Copy nothing but the lines below, from the one with "Diesel forklift TCM" through the one with "Used 2015 Volvo V60 T5 Premier FWD image 3", exactly as written; no pictures should appear.

◆ **Data for analysis**:
------------------------------------
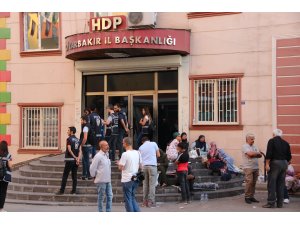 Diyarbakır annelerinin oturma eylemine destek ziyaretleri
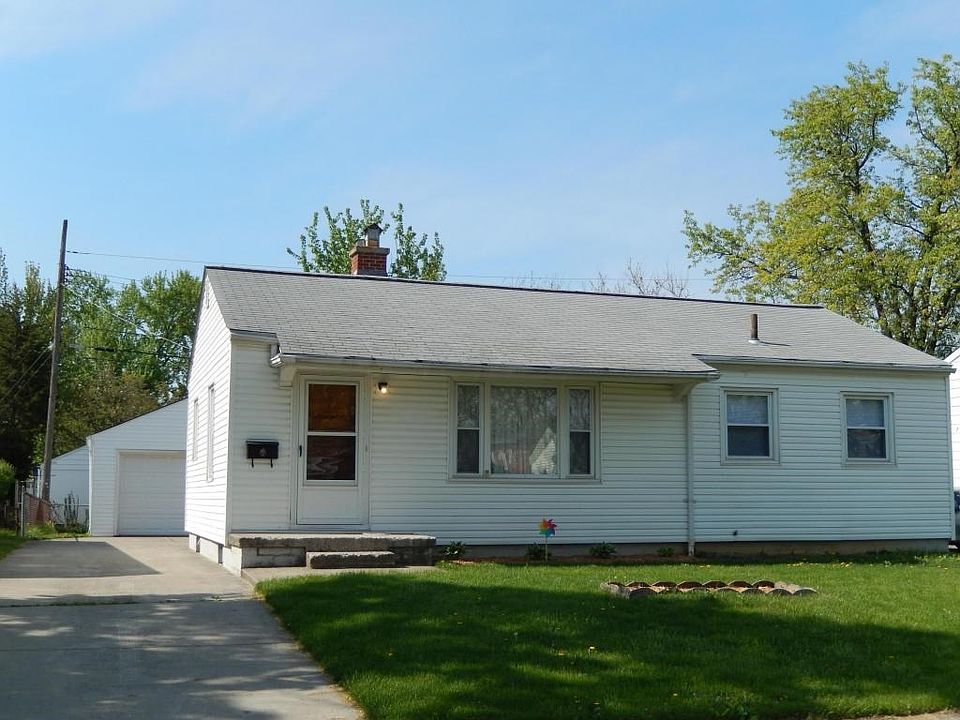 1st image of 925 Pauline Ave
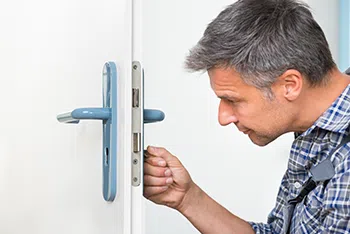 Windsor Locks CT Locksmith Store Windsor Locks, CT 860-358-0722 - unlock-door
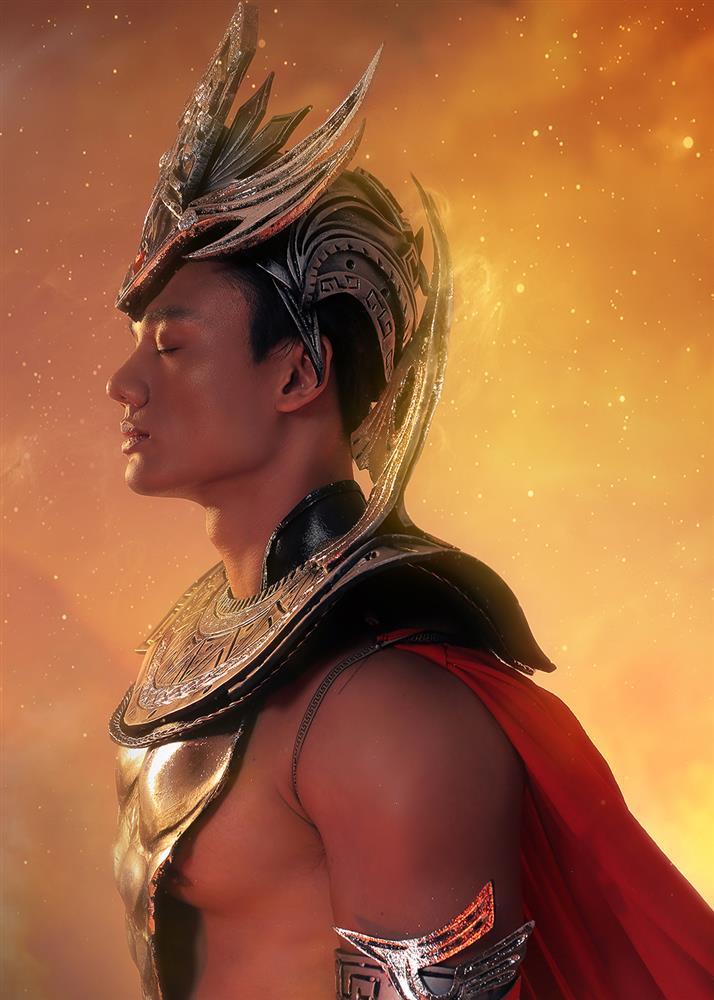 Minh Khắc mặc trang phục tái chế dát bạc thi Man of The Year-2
------------------------------------
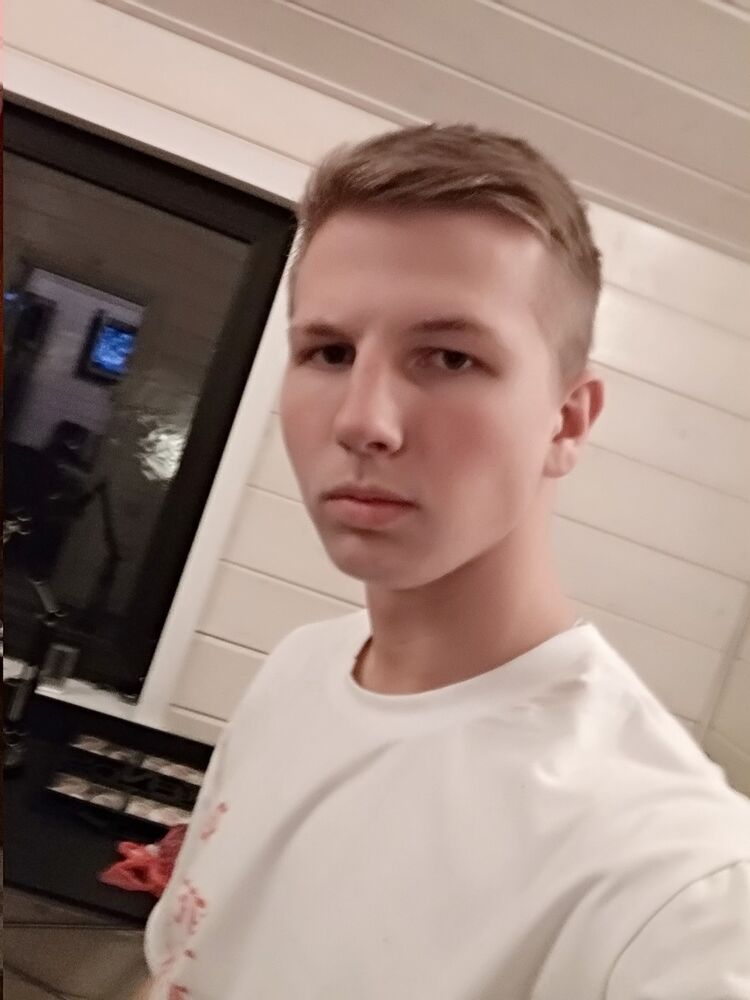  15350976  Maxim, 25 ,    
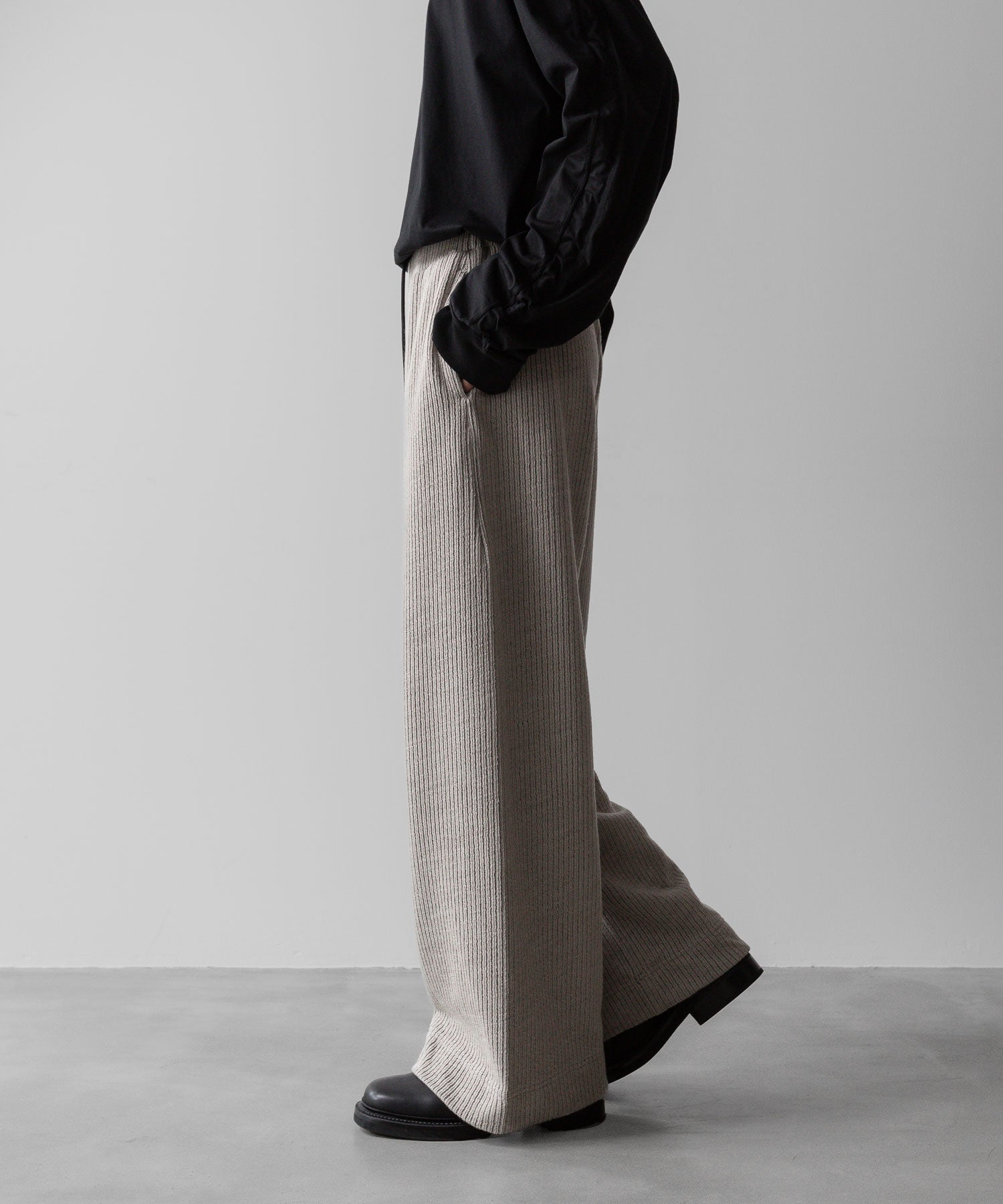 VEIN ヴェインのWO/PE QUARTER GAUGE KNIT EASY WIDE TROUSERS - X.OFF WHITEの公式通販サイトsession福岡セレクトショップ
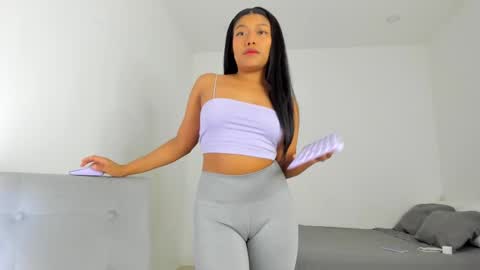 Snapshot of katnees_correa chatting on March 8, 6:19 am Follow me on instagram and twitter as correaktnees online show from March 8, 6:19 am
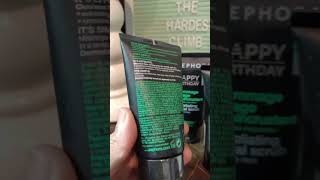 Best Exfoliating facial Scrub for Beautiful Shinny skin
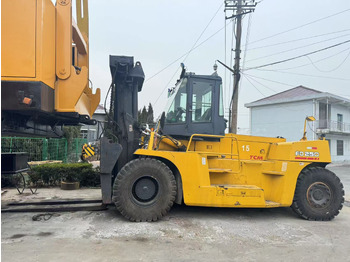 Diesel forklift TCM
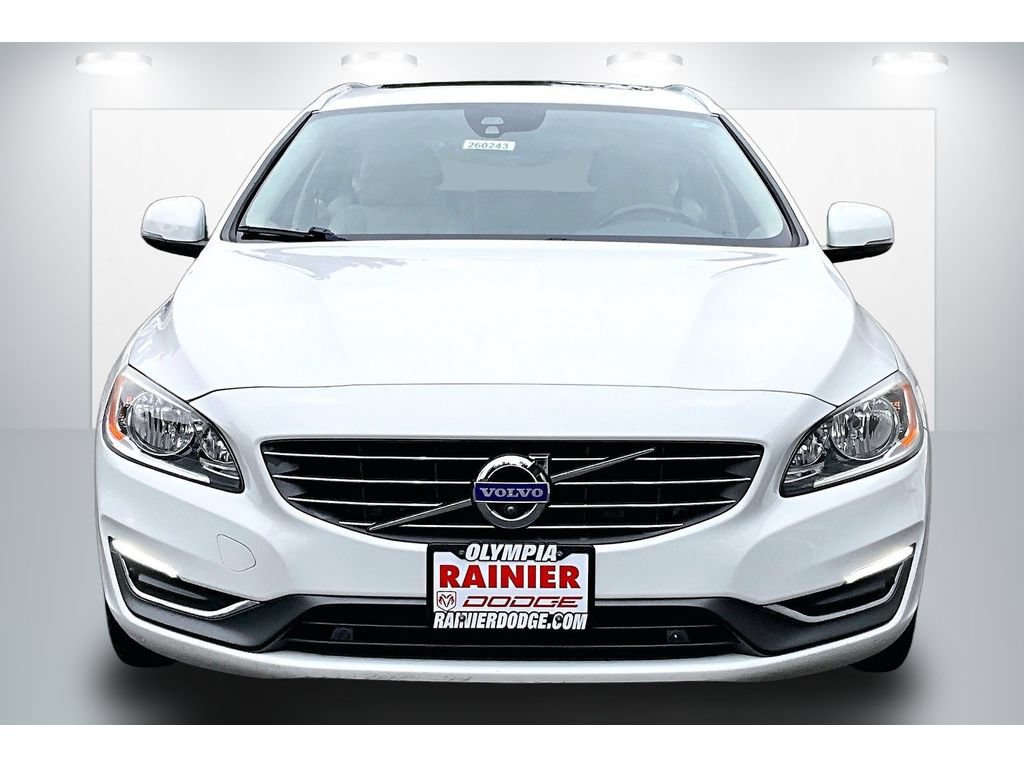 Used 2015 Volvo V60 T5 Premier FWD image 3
------------------------------------
◆ **Answer to this exercise**:
 Diesel forklift TCM
 Used 2015 Volvo V60 T5 Premier FWD image 3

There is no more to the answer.